My daughter is so much a princess that she doesn’t want to be Cinderella. Whenever I read her the story, what sticks with her is that the stepmother would not let Cinderella go to the ball. “Stay home and clean”, the stepmother said. My daughter wants to be the one giving the orders. She doesn’t yet get that the dancing a marrying a prince part is the one that’s supposed to be enviable.
She likes giving her mommy orders as well. I am amazed at home direct she is. “Mommy, you clean this, ”Eat this”, “Play with me”. “Put on my red socks.” I’d be upset except she does this to just about everyone. I don’t remember ever having been so comfortable giving orders – to adults or other kids.
Some of my friends notice it too. Not only from mine, but from others. Kids no longer stand around silently, wishing, hoping, transmitting messages. For example, they’d like some of the chips you’re feeding your child too. They’ll just come, swoop down, and take them, like seagulls, except you can’t very well raise your voice and run at them until they take flight. They no longer silently submit to whatever you dress them in either.
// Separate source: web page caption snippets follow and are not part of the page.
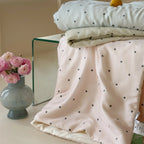 Satin Bedding Set Cooling Polka Dot & Pom-Pom Tassels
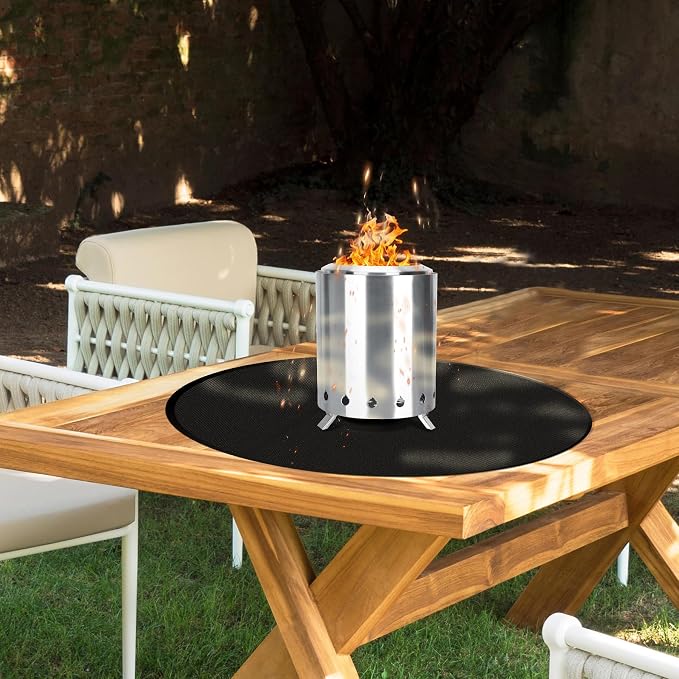 20" Tabletop Fire Pit Mat for Solo Stove Mesa XL, Easy Clean Small BBQ Mat for Outdoor BBQ， Reusable Waterproof Pad， Three-Layer Fireproof and Heat-Resistant Barbecue Mat for Tabletop Fire Pit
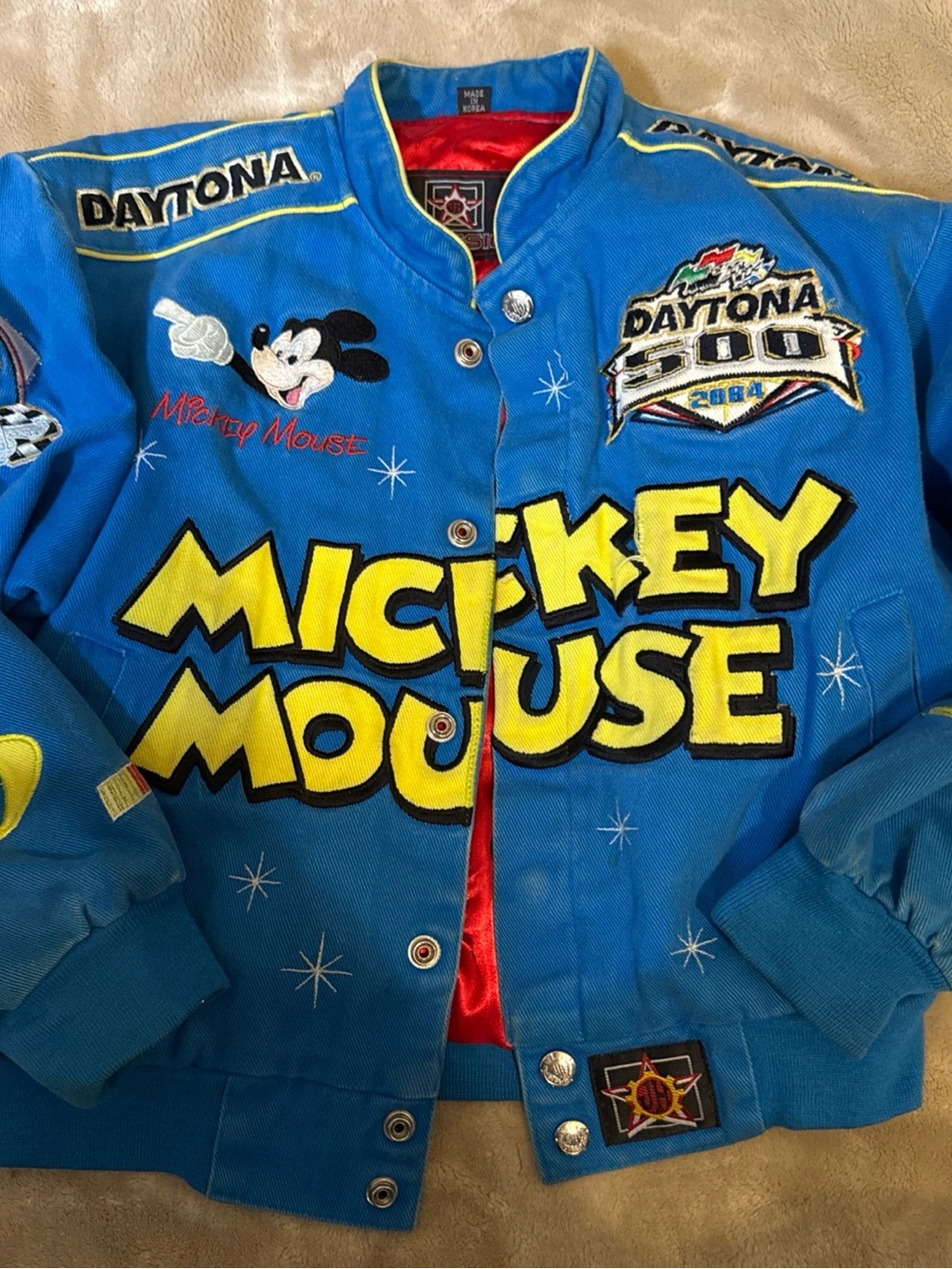 Vintage 2004 JH Design Mickey Mouse Daytona 500 Racing Jacket Kids Size M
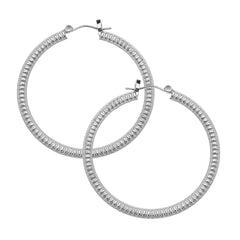 Susan Shaw Silver Ribbed Hoops
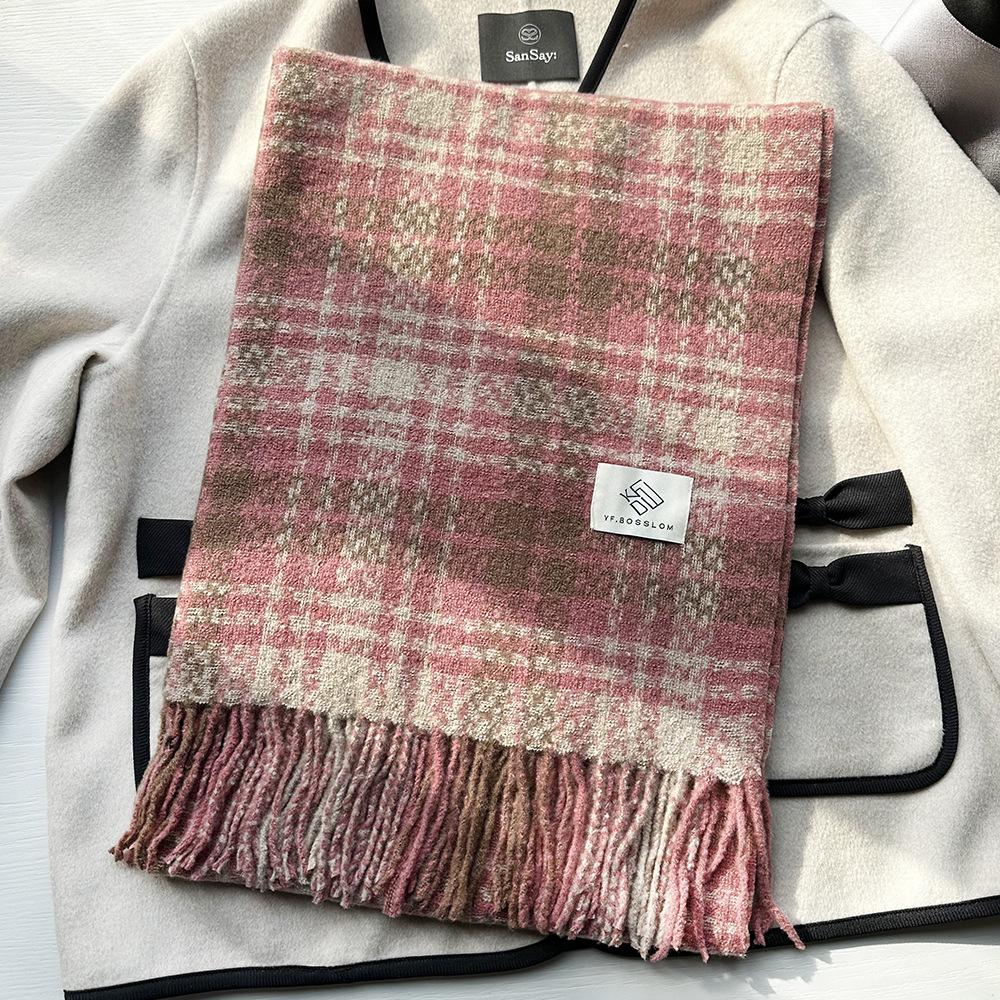 Soft waxy and thick plaid imitation cashmere scarf for women, warm fringed shawl in winter, couple scarf tide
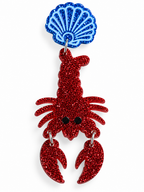 Red glitter Lobster Earring with blue glitter seashell studs and dangling claws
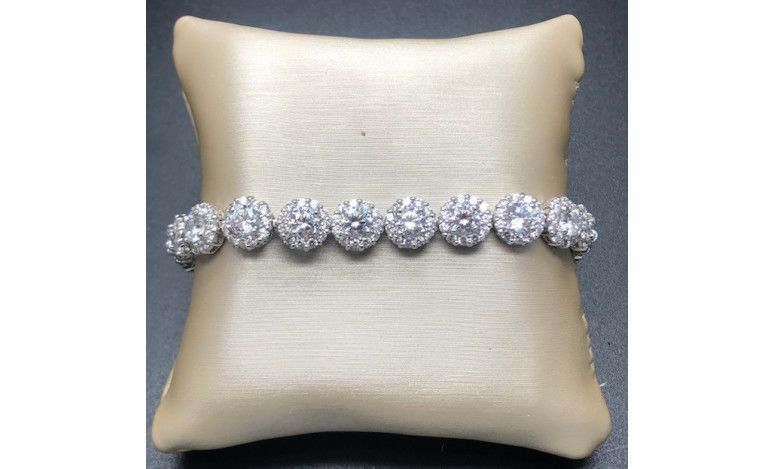 Pulsera plata 20 chatones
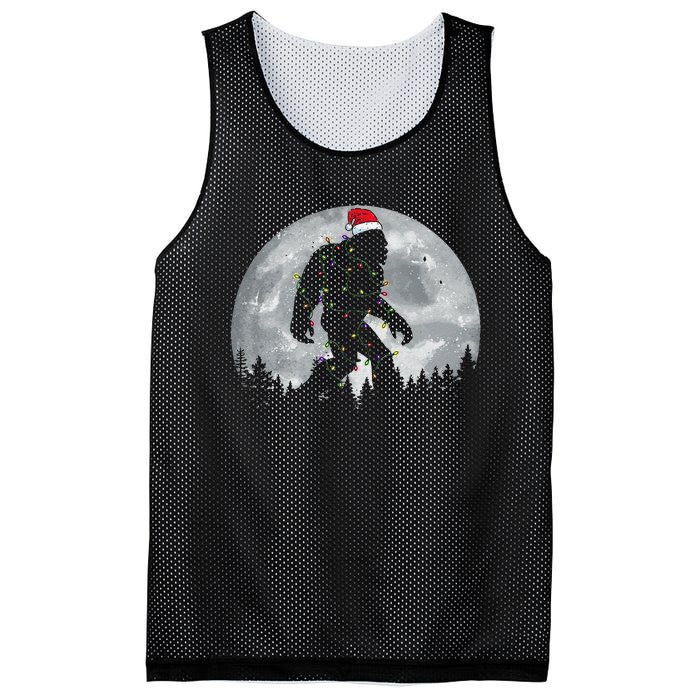 Bigfoot Santa Christmas Tree Lights Funny Xmas Sasquatch Gift Mesh Reversible Basketball Jersey Tank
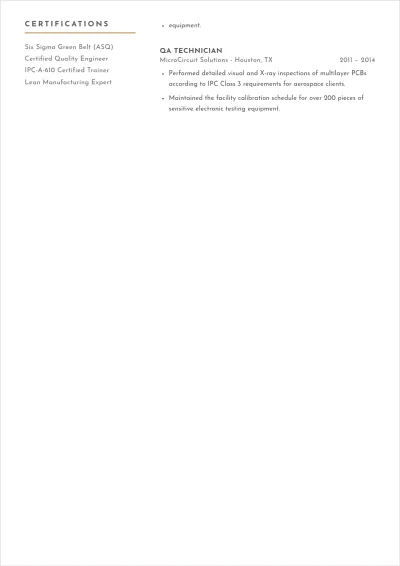 Free QA Manufacturing ATS Resume Template, AI Resume Builder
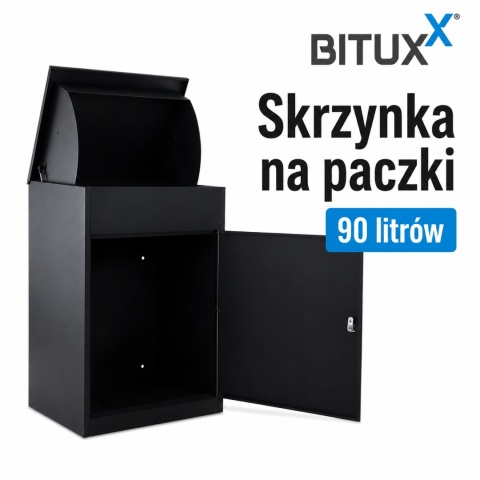 Skrzynka na paczki BITUX 90L stalowa zamykana czarna wodoodporna 53x41x76,5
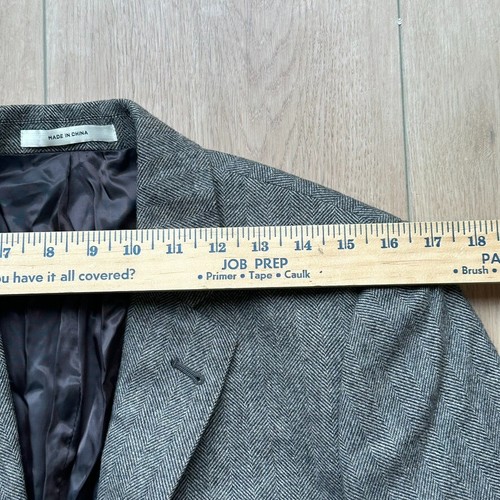 Club Monaco Blazer Mantel Gr. 36R Sports Fit Italy Marlane Wollstoff Grau Braun - Bild 9 von 13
When my mom dressed me in the rainbow, matching terrycloth set, I seethed with embarrassment but didn’t say a word. I even smiled for the pictures that would permanently document my embarassment and show up on Facebook years later, but I digress. Kids have very strong opinions now. My daughter had a melt down when I told her she could not wear the bright yellow socks with her red and blue dress. Not because they were yellow and clashed with psychedelic brilliance, but because they were new and we did not need to open yet another pair of socks. (We need to wear out as many two-year old things before she moved into the grand size of 3.) But rather than wear what I chose, there was still compromise. I told her she could wear any old socks, any color. She insisted on new socks – any color as long as they had stickers and tag.
We stayed home.
With needs like hers, I hope she there’s a prince out there for her.